Failing that (still upside down) get a thin bladed flat head driver under the shower screen and prize it up. Do this all the way around until you can get some pliers in and bend quickly until it the screen snaps. You should be able to pull it right off. This will mean that the bolt/screw is no longer pushing against it so should be loose. It should then come off with your fingers.

Good luck!

Lee

P.S. PM sent....


----------



## LeeWardle

Any Joy Glenn?


----------



## Glenn

I need to dig out my tools to attempt this but am confident I can extract this without too much problem.

Will keep you posted


----------



## LeeWardle

Good luck! I'll do you a deal! I'll service your machone in exchange for an exiting kilo of coffee!


----------



## Glenn

Same machine, different screw...

I just sheared the head off a brand new philips screwdriver whilst trying to remove the partially stripped screw holding in a showerhead. Poor quality screwdriver! It was a Stanley one too. I will endeavour to get a refund tomorrow. Obviously not hardened blades as I am used to.


----------



## flyingpig

Id give it a go with a drill. Ive done this a few times with guitar repairs. Its easier than it sounds, and certainly not as destructive as it sounds. The reamed out centre of the screw will act as a centre tap for the drill bit. The drill should be just big enough to take the head off of the screw (slightly larger than the screw shaft). Set the drill quite slowly and drill straight into the screw. Stop when the head of the screw comes off around the bit.

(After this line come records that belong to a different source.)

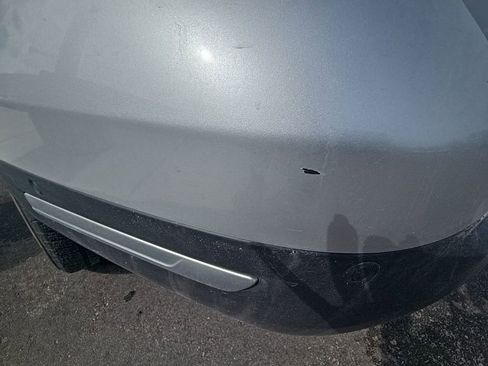Used 2018 Ford Explorer Platinum AWD/4WD image 4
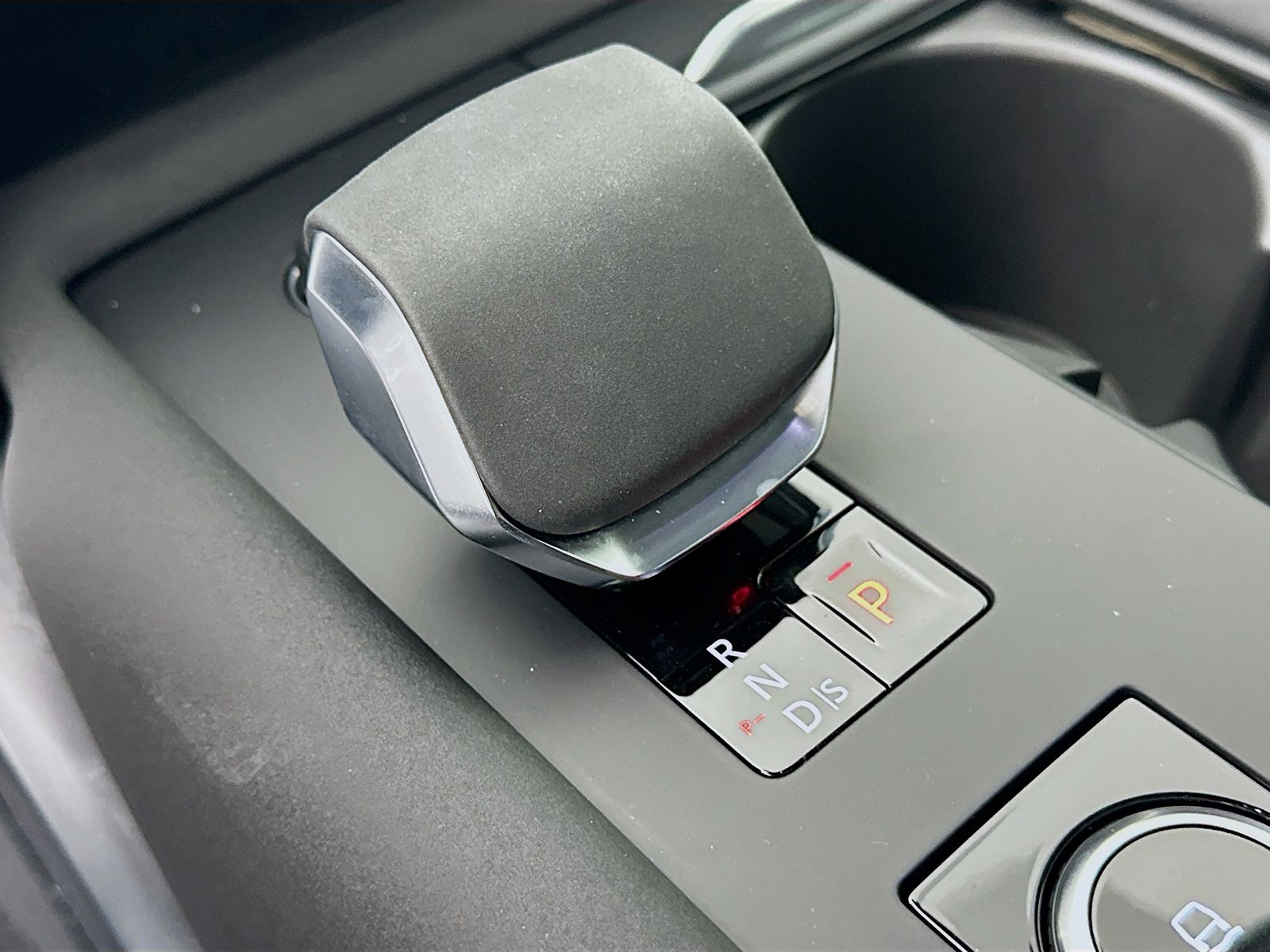 2025 Land Rover Discovery S - Photo 29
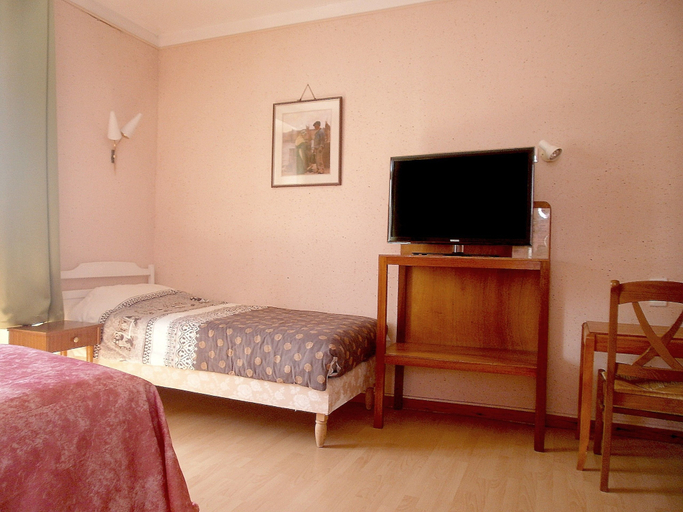 Bedroom 3, Hotel Modern, Finistère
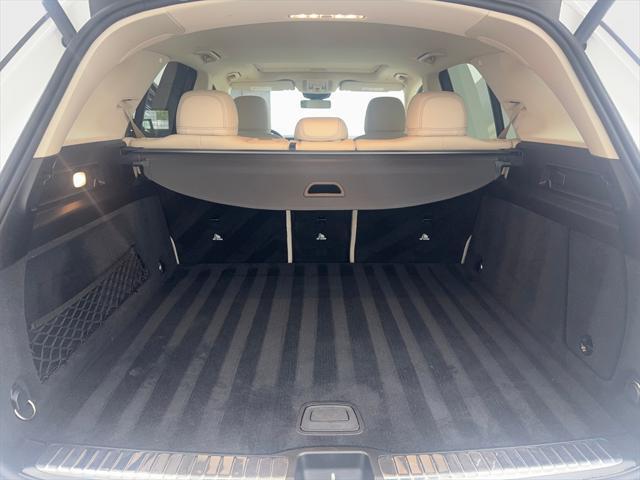 Photo of 2022 White Mercedes-Benz GLE 350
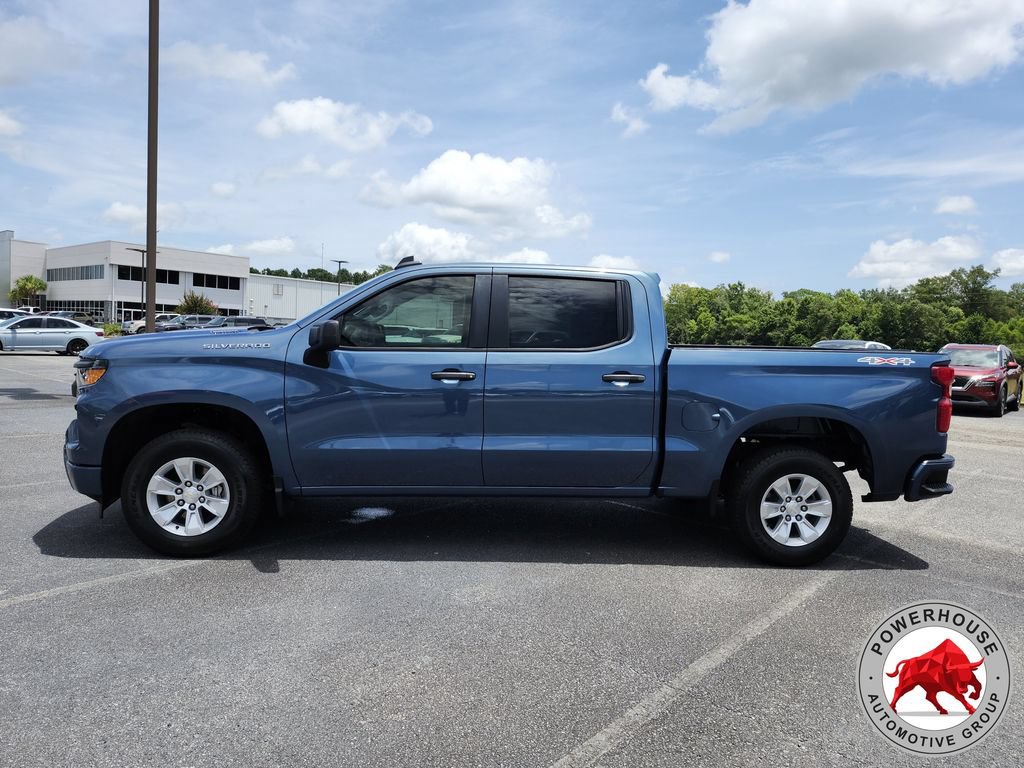 Used 2024 Chevrolet Silverado 1500 Custom AWD/4WD image 3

Then the shower screen can come off easily, then you can take off the heat plate and maybe you can grab the rest of the screw with some pliers or something. Id say this is a last chance effort, but better than knackering a shower screen.


----------



## Glenn

(click pic to enlarge)

Thought I'd try and resurrect this project as the machine makes a good coffee but I really want to give it a thorough overhaul.

Pic of the stripped screw now attached

Any further suggestions?


----------



## DonRJ

Get a screw extractor tool

http://cgi.ebay.co.uk//DAMAGED-BURRED-HEAD-SCREW--REMOVAL-TOOL-NEW-_W0QQitemZ330380567147QQcmdZViewItem?rvr_id=&rvr_id=&cguid=445617e01280a0aad5b69bd6fff5c0cf

or

http://www.toolshopdirect.co.uk/item.php/site/froogle/sn/AK722

Don


----------



## Glenn

A screw extractor tool is now on my shopping list.

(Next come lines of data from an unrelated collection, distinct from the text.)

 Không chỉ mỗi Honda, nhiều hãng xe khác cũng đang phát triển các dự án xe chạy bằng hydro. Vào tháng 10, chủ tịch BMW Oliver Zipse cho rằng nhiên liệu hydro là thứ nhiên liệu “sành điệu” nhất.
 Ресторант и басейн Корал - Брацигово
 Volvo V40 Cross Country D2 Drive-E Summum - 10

However, (unconventional) method employed was to sacrifice the showerscreen.

I nudged the shower screen around by wedging edge of screwdriver in showerscreen in direction of screw travel. Unscrewed nicely.

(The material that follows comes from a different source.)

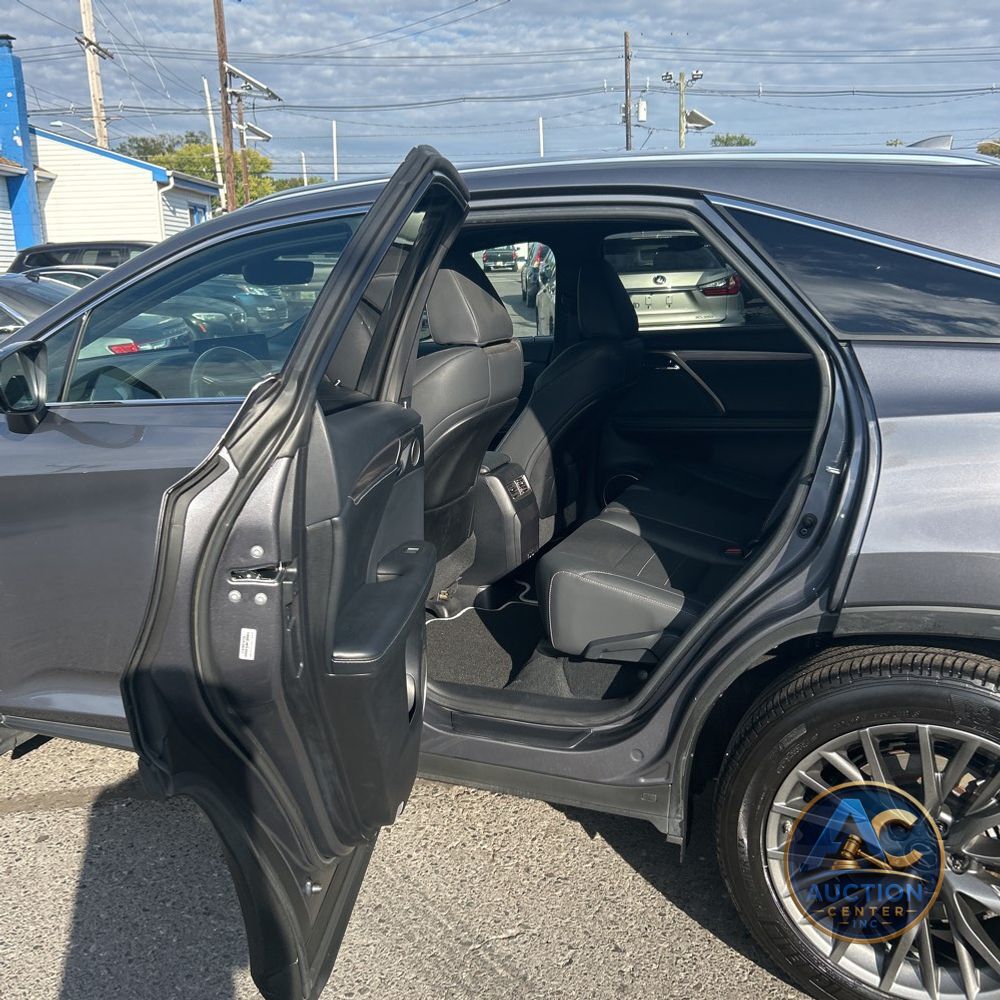 2022 Lexus RX 450h F SPORT Handling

Already had a spare showerscreen so performing maintenance on the machine tonight and will be up and running again soon.


----------



## ragwerks

Often in these cases you can use an oversized torx bit with a few taps you could get it to bite into what's left quite well because of the 6 sided nature of it. Bit useless info now though as you have already (eh hem) mullered the old screen.


----------



## Glenn

I kept the stripped screw that I removed and have taken a picture of the new screw that arrived with the new showerscreen I ordered.

New screw on the left and the stripped screw is on the right









(click to enlarge)


----------



## Greenpotterer

well and truly stripped that Glenn a man after my own heart

gaz


----------



## LondonDynaslow

Glenn said:


> I kept the stripped screw that I removed and have taken a picture of the new screw that arrived with the new showerscreen I ordered.
> 
> New screw on the left and the stripped screw is on the right
> 
> View attachment 203
> 
> 
> (click to enlarge)


Yep.. that's what mine looks like. I was pretty careful because I had a similar issue last time I tried to undo it - but it just melted like butter. Which method did you find most reliable please? I have a replacement screw and screen, which was why I was trying to remove it in the first place..


----------



## DavecUK

And replace with hex head screw


----------



## Al Kent

LondonDynaslow said:


> Yep.. that's what mine looks like. I was pretty careful because I had a similar issue last time I tried to undo it - but it just melted like butter. Which method did you find most reliable please? I have a replacement screw and screen, which was why I was trying to remove it in the first place..


I've just been in the same situation... I went to the extremes and dismantled my machine completely to get some proper access to the screw but it was so far gone nothing would grip. Screw extractors look like a good idea but I'd be terrified as you need to use a drill and that screw is pretty small!

In the end I just bent the old shower screen (takes a bit of doing) and tore it off. Once that's gone you can grab the screw with pliers.


----------



## MrShades

"Holy thread resurrection Batman!".... from 2010 to 2016 in an instant... ;-)

Yes, get a hex screw in it.


----------



## Mouse

Dremel a groove across the head of the screw and use a flat head screwdriver to remove


----------



## LondonDynaslow

MrShades said:


> "Holy thread resurrection Batman!".... from 2010 to 2016 in an instant... ;-)
> 
> Yes, get a hex screw in it.


Haha yes sorry.. this forum is brilliantly searchable!


----------



## LondonDynaslow

They're a real Achilles' heel these screws. I'm not sure these mixture of different metals is a great idea either - perhaps they are so tight due to corrosion. I definitely didn't screw it in very tight 3 years or so ago.


----------



## Jumbo Ratty

Bloody hell,, i take my shower screen off at least once a fortnight to check for any scale or other detritus behind it and never over tighten the screw.

It still looks like new.

People should take more notice of Davecuk sticky, according to that you should be taking the shower screen off every 3 days or so

http://coffeeforums.co.uk/showthread.php?28316-Coffee-cleanliness-is-next-to-godliness&highlight=cleaning+machine


----------